Assigned task :: Your task is to return, word for word, only the lines from the line with "2x 5 Skaar Kverneland ploeë" through the close of the data. Exclude all pictures.
<<<<
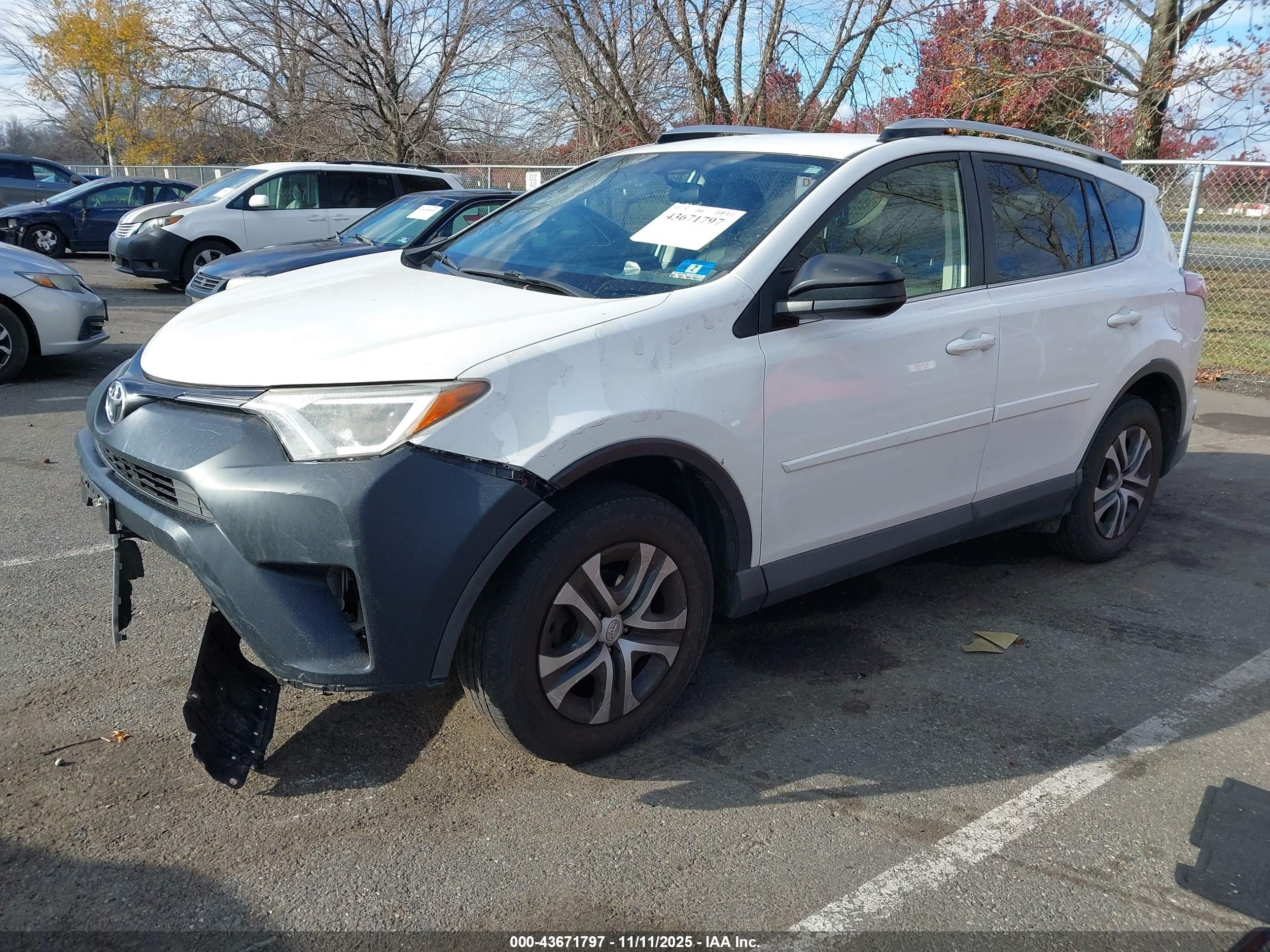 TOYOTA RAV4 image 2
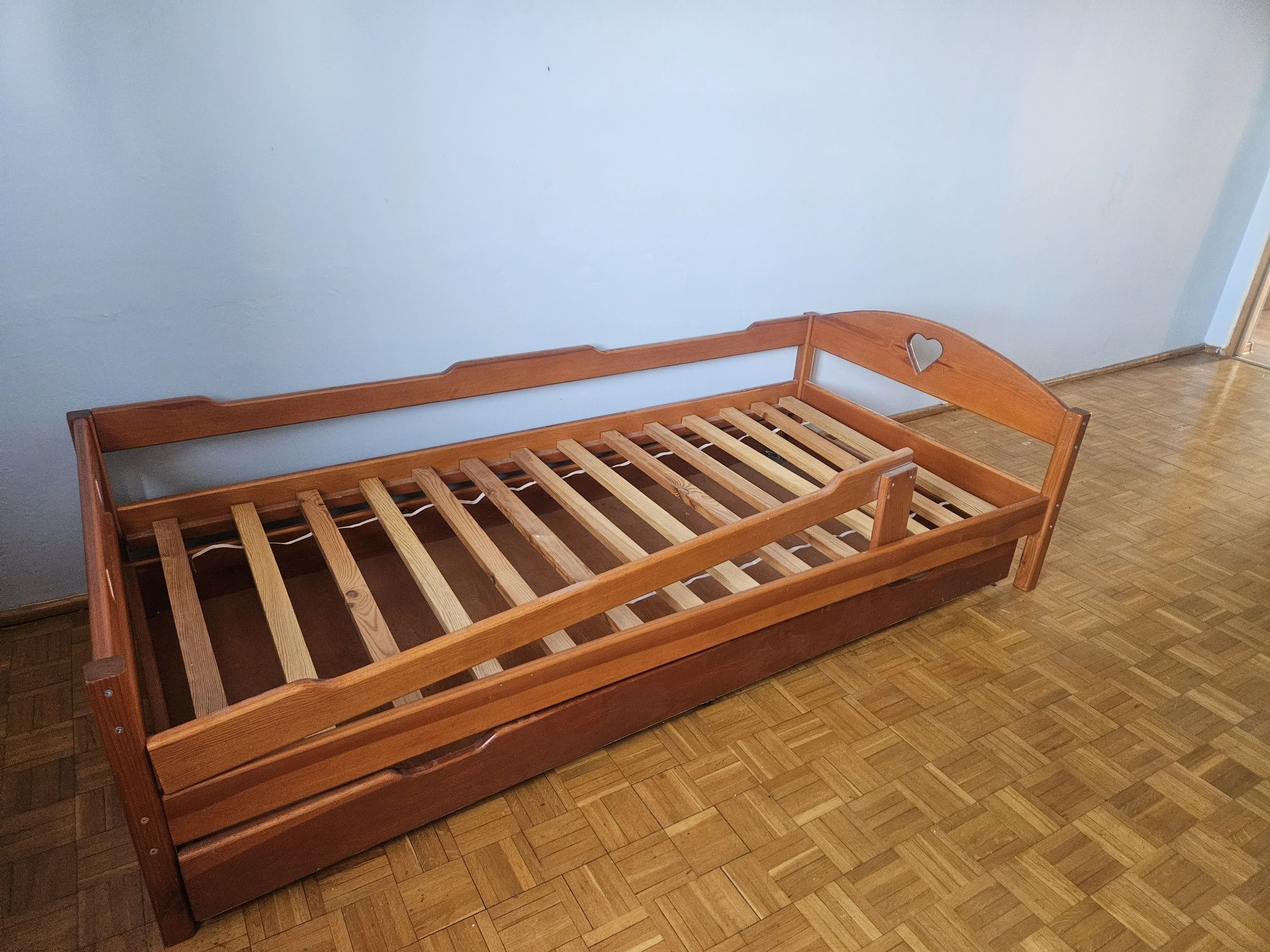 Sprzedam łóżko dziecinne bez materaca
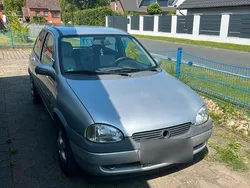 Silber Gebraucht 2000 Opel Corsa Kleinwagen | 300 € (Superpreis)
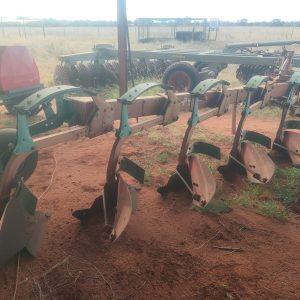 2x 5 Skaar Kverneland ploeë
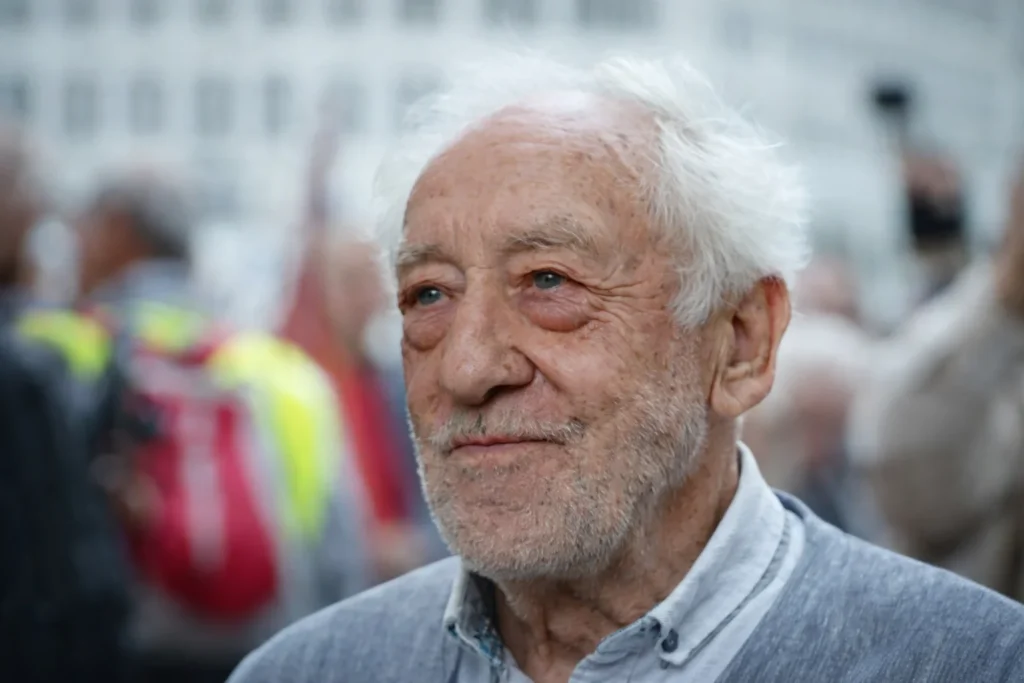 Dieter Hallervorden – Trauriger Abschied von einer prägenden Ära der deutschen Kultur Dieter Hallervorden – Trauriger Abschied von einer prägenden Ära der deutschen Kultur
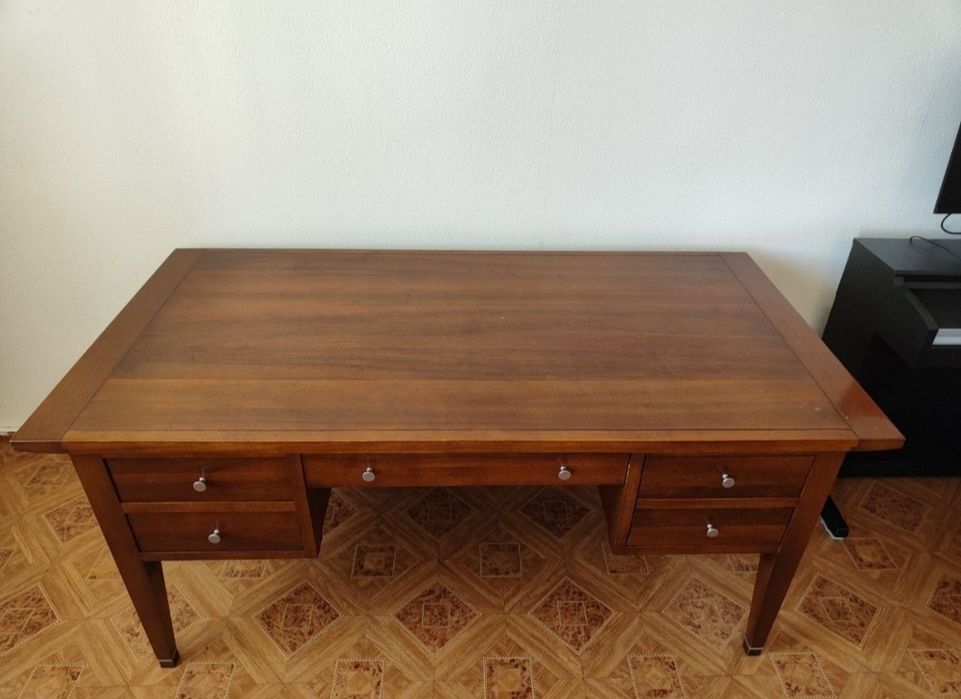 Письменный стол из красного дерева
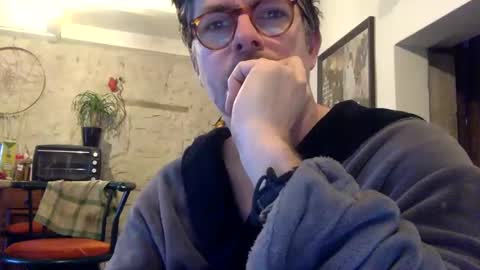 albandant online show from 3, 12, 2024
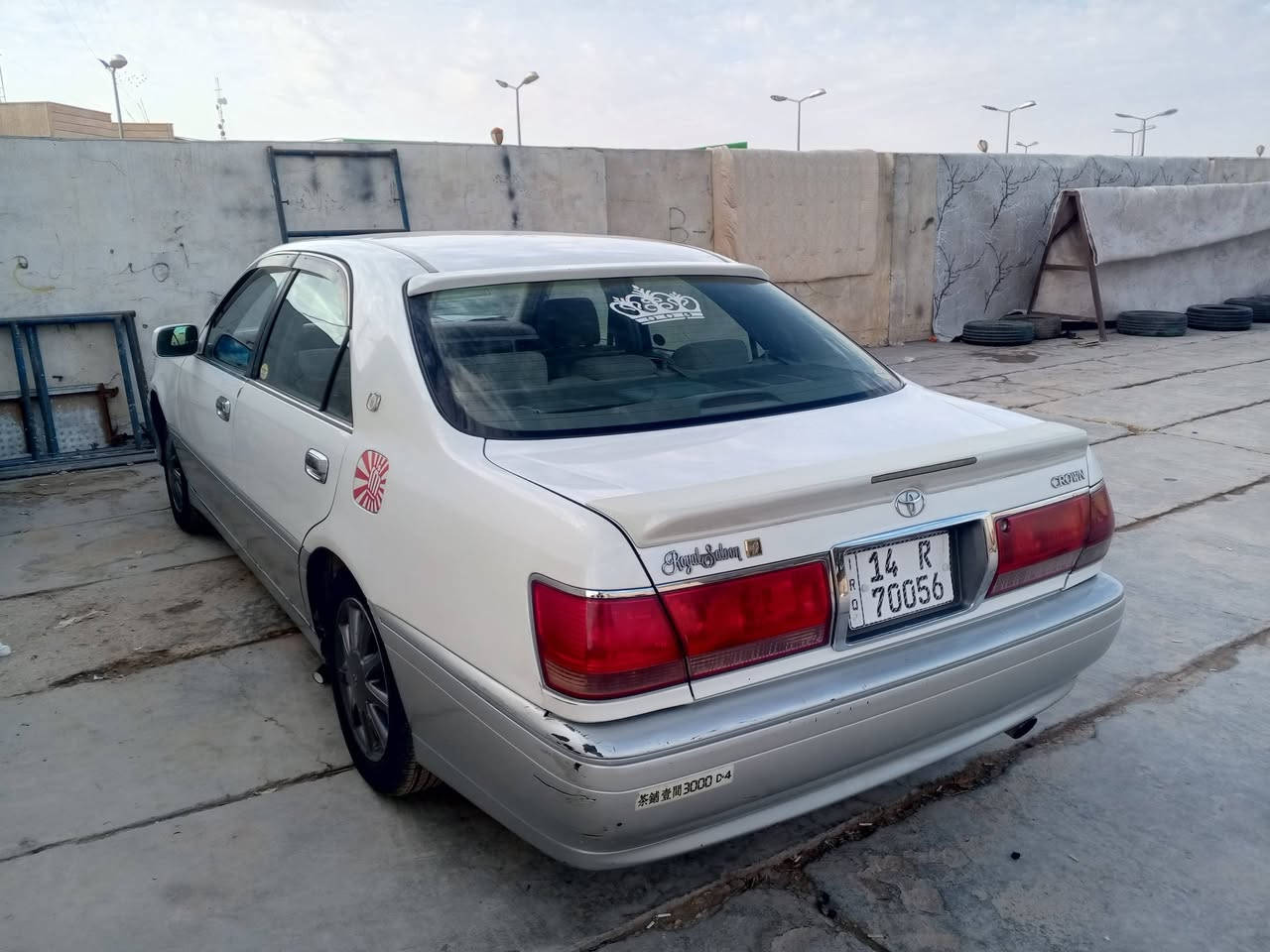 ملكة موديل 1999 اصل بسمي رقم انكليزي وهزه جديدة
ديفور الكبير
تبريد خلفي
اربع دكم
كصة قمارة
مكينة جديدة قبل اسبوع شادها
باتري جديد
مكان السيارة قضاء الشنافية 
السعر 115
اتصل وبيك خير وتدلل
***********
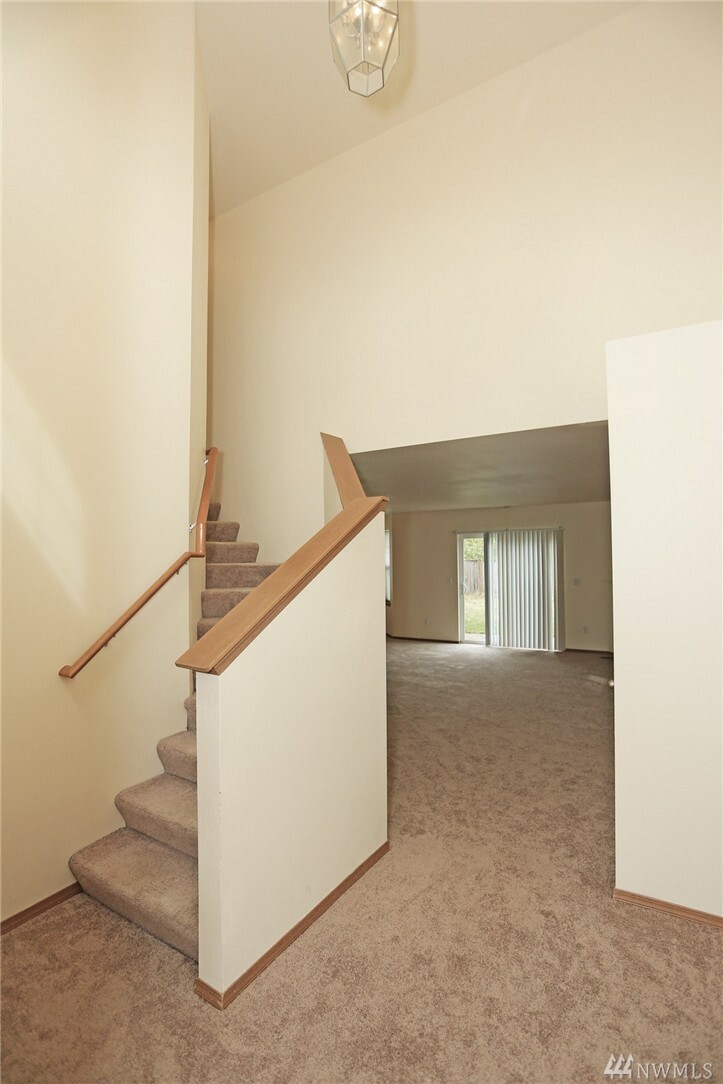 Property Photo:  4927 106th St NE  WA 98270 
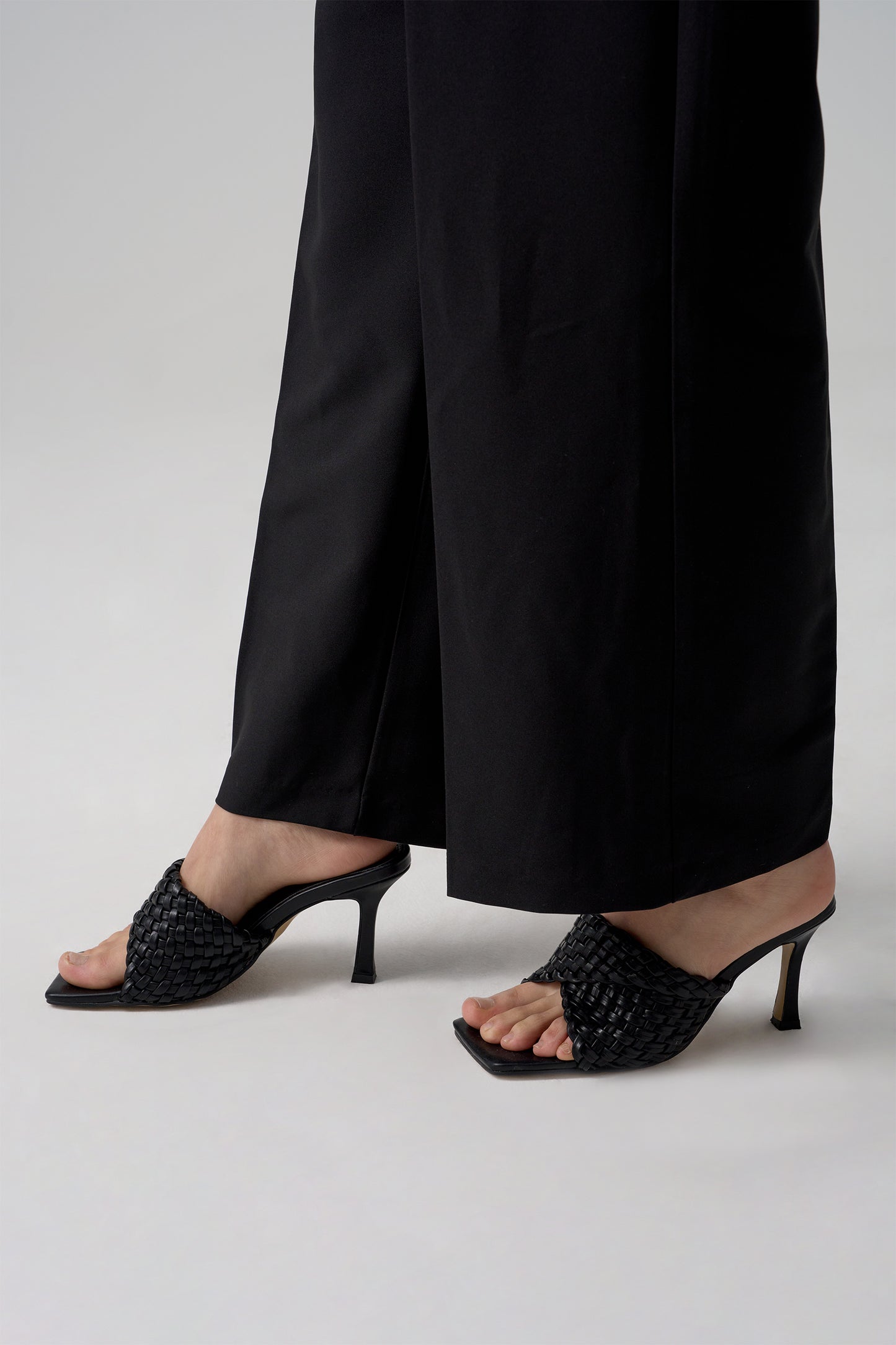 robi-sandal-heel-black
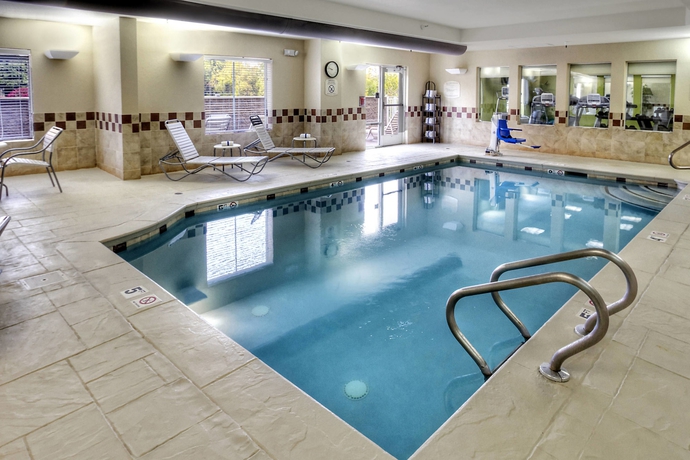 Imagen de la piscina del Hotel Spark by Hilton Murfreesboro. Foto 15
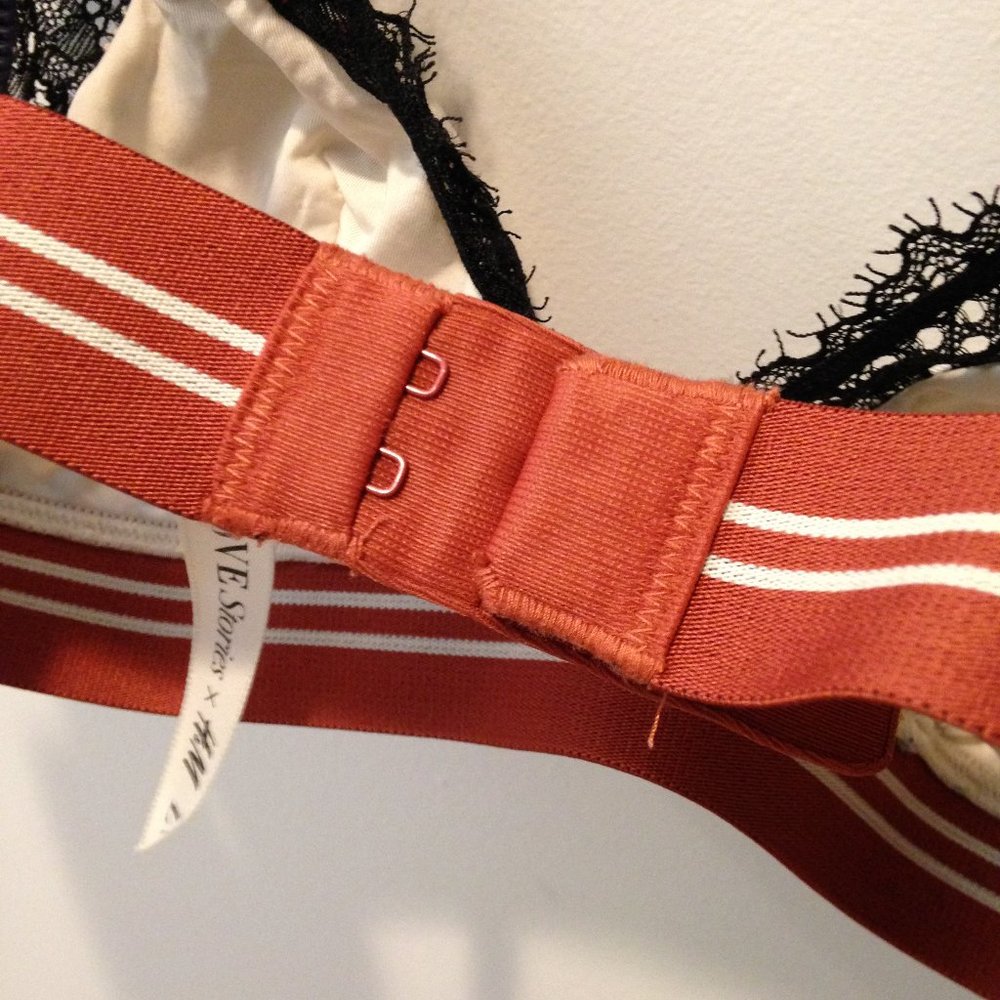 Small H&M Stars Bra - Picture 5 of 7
>>>>
Exercise response ::
 2x 5 Skaar Kverneland ploeë
 Dieter Hallervorden – Trauriger Abschied von einer prägenden Ära der deutschen Kultur Dieter Hallervorden – Trauriger Abschied von einer prägenden Ära der deutschen Kultur
 Письменный стол из красного дерева
 albandant online show from 3, 12, 2024
 ملكة موديل 1999 اصل بسمي رقم انكليزي وهزه جديدة
ديفور الكبير
تبريد خلفي
اربع دكم
كصة قمارة
مكينة جديدة قبل اسبوع شادها
باتري جديد
مكان السيارة قضاء الشنافية 
السعر 115
اتصل وبيك خير وتدلل
***********
 Property Photo:  4927 106th St NE  WA 98270 
 robi-sandal-heel-black
 Imagen de la piscina del Hotel Spark by Hilton Murfreesboro. Foto 15
 Small H&M Stars Bra - Picture 5 of 7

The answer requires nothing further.